“Hallucination” as M-misalignment: a structural account of generation and interpretation
摘要
“Hallucination” in generative AI is commonly understood as a technical failure, characterized by the production of ungrounded or factually incorrect outputs. While recent research has identified mechanisms to reduce such outputs, the phenomenon remains conceptually persistent and practically challenging. This paper proposes a complementary account that shifts the focus from internal model deficiencies to the interaction between generative systems and human interpretive practices. Drawing on a minimal structural vocabulary from Metaqualia Theory (MTQ), the analysis distinguishes between the generation of linguistically coherent outputs and the meta-level processes through which human cognition stabilizes meaning as reference-bearing, coherent, and truth-evaluable. On this basis, hallucination is reconceptualized as a form of misalignment between a non-stabilizing generative architecture and a stabilizing interpretive framework—a structural “M-misalignment” in the sense of Metaqualia Theory. The paper does not deny the effectiveness of existing technical mitigation strategies, but argues that they operate primarily on the generative side of a deeper structural asymmetry, without fully addressing the complementary processes of stabilization.
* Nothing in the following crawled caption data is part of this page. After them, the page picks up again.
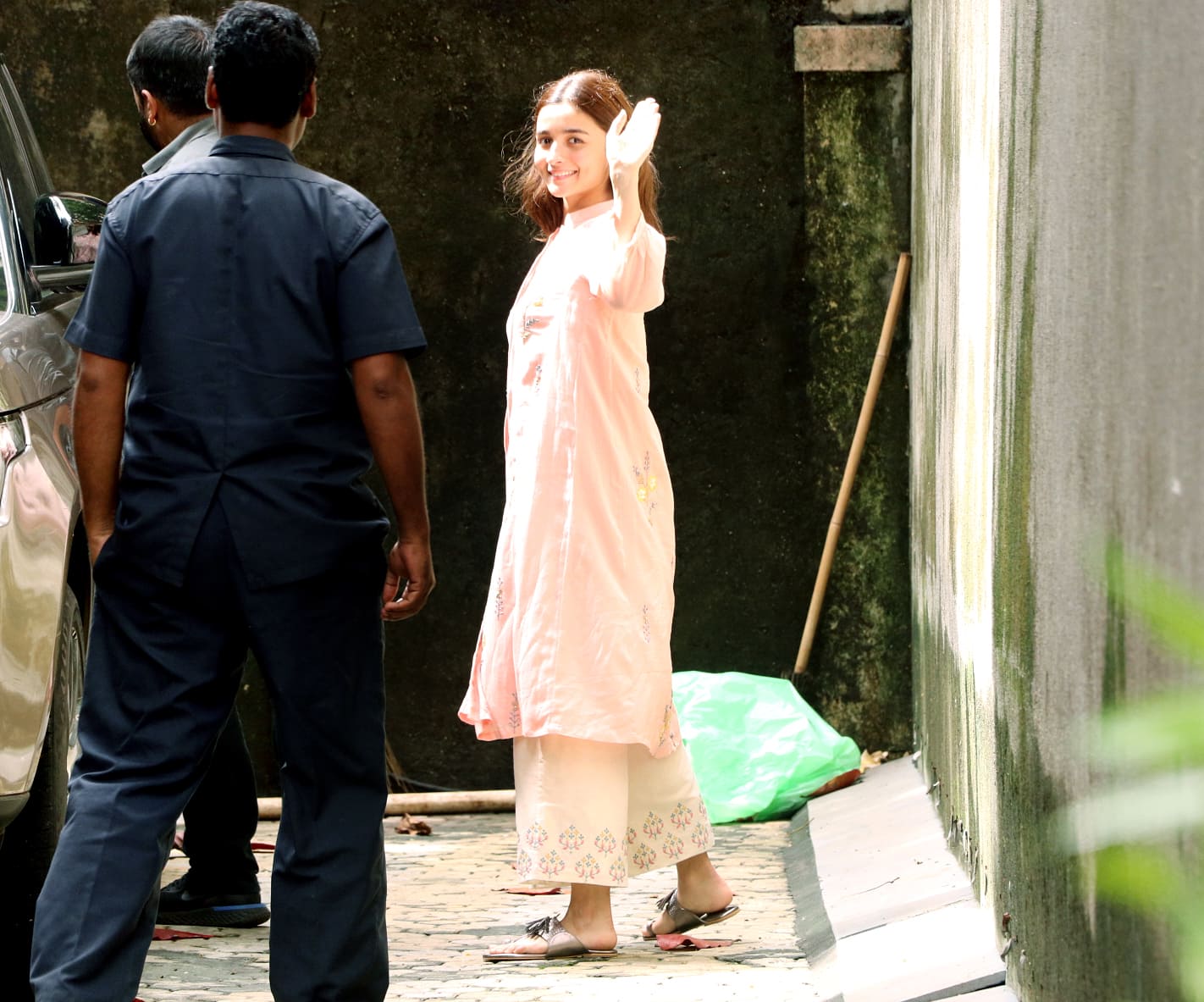 Alia Bhatt smiles at the paps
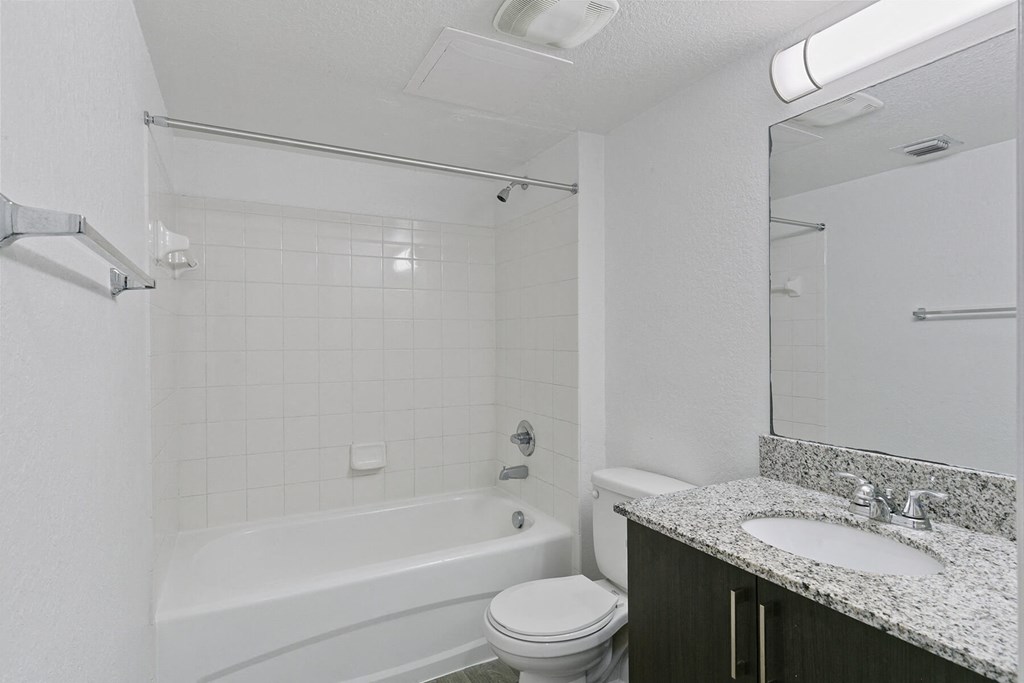 Bathroom with shower tub at Brenton at Abbey Park Apartments in West Palm Beach FL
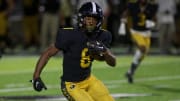 Colquitt County senior running back Charlie Pace (8) rushes the ball in a game against Lincoln on Sept. 28, 2022, at Mack Tharpe Stadium. The Packers won 30-7.

J9t4165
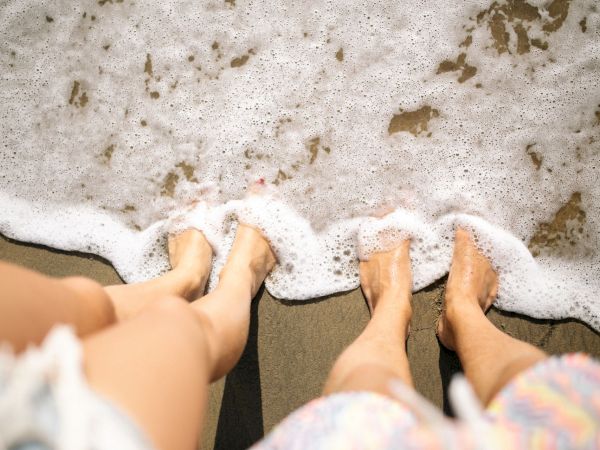 Bare feet play in foamy ocean waves on a sandy beach, with water washing over toes and ankles.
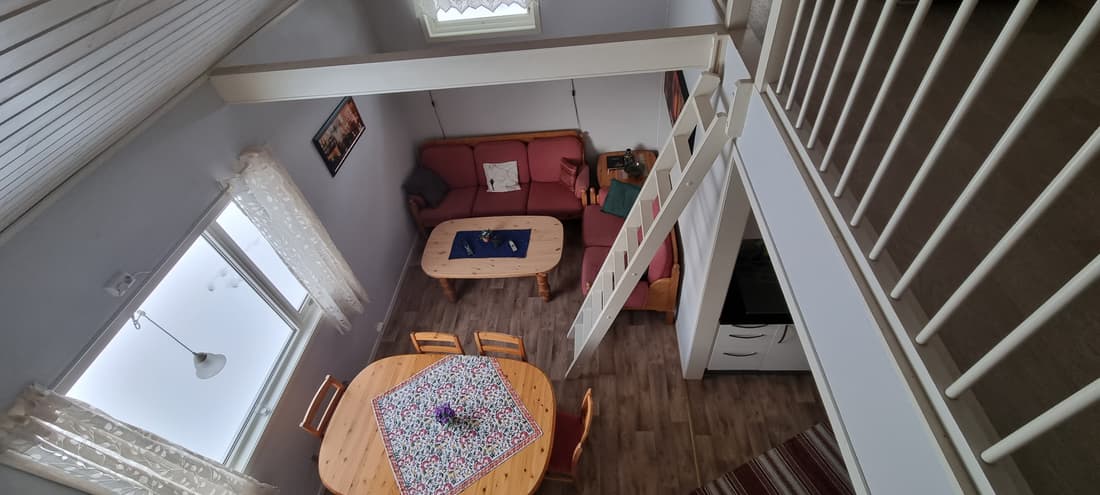 Blick von der Empore hinunter in den Wohnraum von Hütte 5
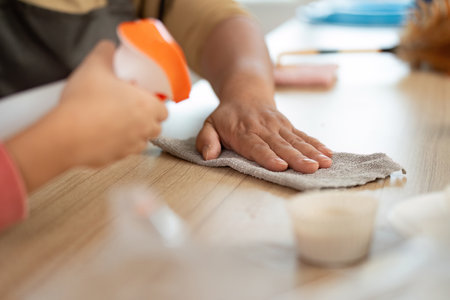 Cleaning and Family Bonding. A child helping with cleaning tasks in the kitchen.の写真素材
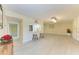 Bright living room featuring tile floors, breakfast bar and an open floor plan at 2718 Orchid Oaks Dr # C-202, Sarasota, FL 34239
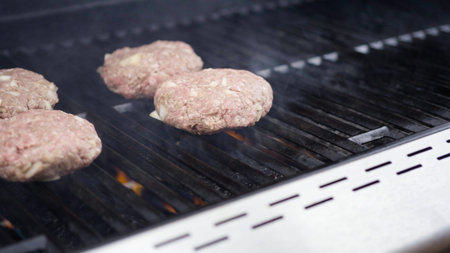 Cooking hamburger beef patties on a gas grill.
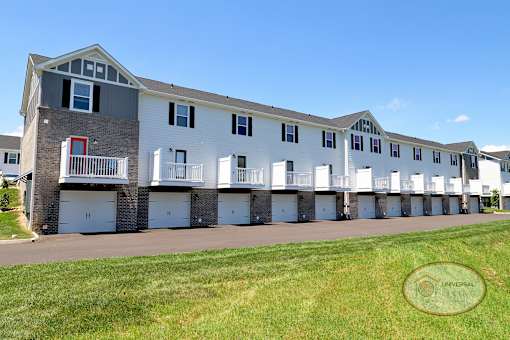 The rear of a two and three bedroom apartment home with balconies and drive under garages.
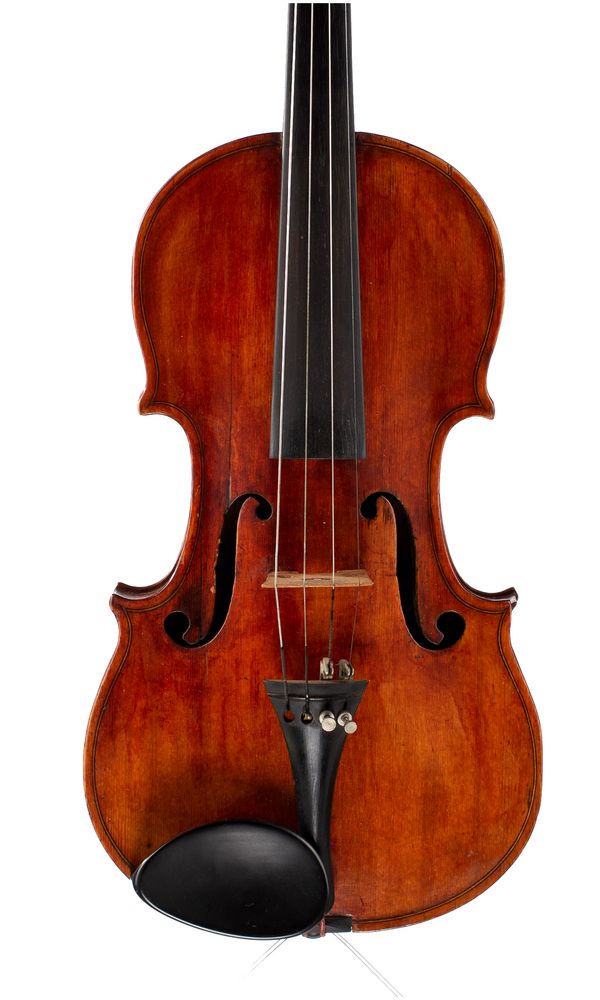 A violin, labelled M. Couturieux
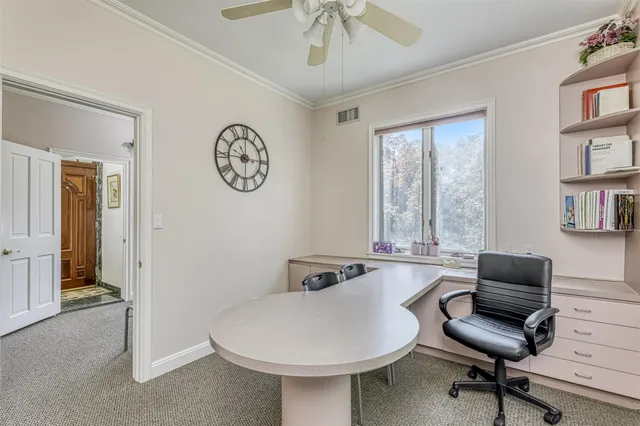 a workspace with furniture and window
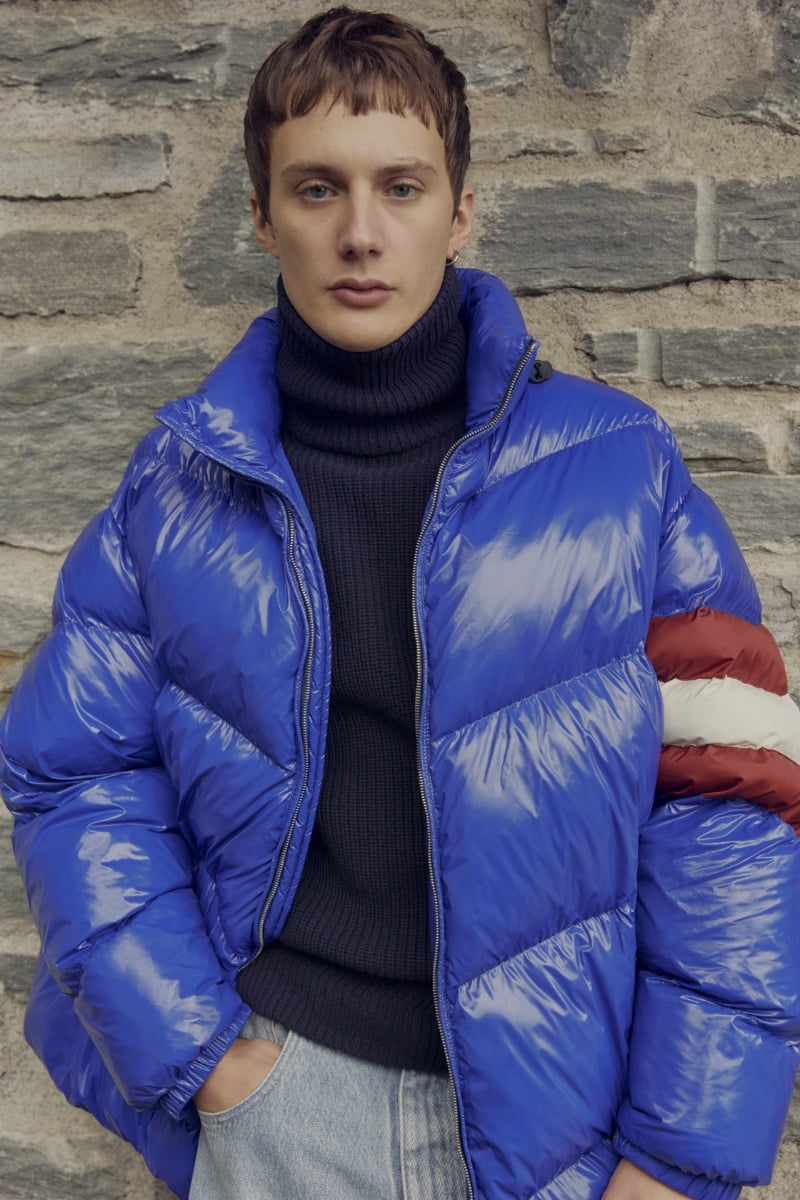 Bally embraces winter with its Mountain capsule collection featuring Gabriele Gratti in must-haves like a blue down jacket.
By examining phenomena such as fabricated citations and breakdowns in perceived reliability and trust, the study demonstrates how hallucination can be understood as a relational and infrastructural phenomenon. This reframing contributes to ongoing debates in AI ethics and philosophy of language by highlighting the role of human epistemic practices in shaping the interpretation of AI-generated text. Generative AI, in this view, functions not only as a source of error, but as a diagnostic tool that reveals the conditions under which language is treated as knowledge.